I like Kevin Smith a lot, so any comments I make here should be taken with that in mind. He's a good storyteller, he makes me laugh and he has a relationship with his audience that most writers can only look upon with sick envy. He also seems to be a reasonably straight-up and decent person, which is a miracle in a Hollywood director.
Having said that, I have no great appetite for reading about the lives of celebrities. 'My Boring-Ass Life' is nothing more than the print version of Smith's blog, which blog is basically a bare chronicle of his life. Since his life appears to consist mostly of letting out dogs, looking at the internet, having sex with his wife, watching TV, eating and driving around, it really is pretty boring-ass. There's not a lot here in the way of Bressonian reflections on the nature of cinema, or erudite, Paul-Schraderesque analysis of masterpieces of world cinema, or even anything as outright haunted and manic as Steven Soderbergh's very funny and absurdist 'Getting Away With It'. As books by directors go, this is easily the most boring I have ever read, or rather dipped into.
And yet.
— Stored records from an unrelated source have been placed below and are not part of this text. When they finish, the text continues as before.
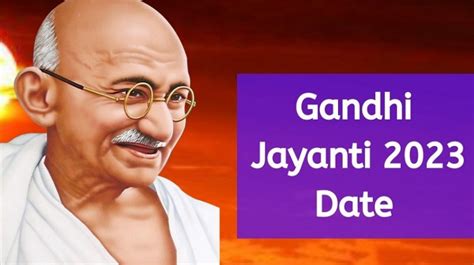 Gandhi Jayanti 2023: Prepare Yourself to Illuminate Year with His ...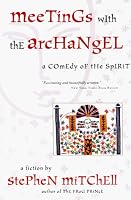 Meetings with the Archangel: A Comedy of the Spirit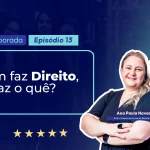 Quem faz Direito faz o quê? Carreiras, áreas e perfil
The middle of the book is taken up by 'Me and My Shadow', the story of how Smith's friend and (sort of) protégé Jason Mewes became a heroin addict, and how he ultimately kicked the habit, and it's riveting stuff. You wonder why it hasn't become a movie; but maybe Smith doesn't want to tell a story that cuts so close to the bone, despite the happy ending (Mewes has apparently been clean for a couple of years now.)
So, it's worth it for the Mewes bit. But otherwise, the only time I have found appropriate to read this book is at 6.50am when I'm feeding my infant daughter; half-asleep seems to be the right frame of my mind to absorb something so undemanding and forgettable as Kevin Smith's diary.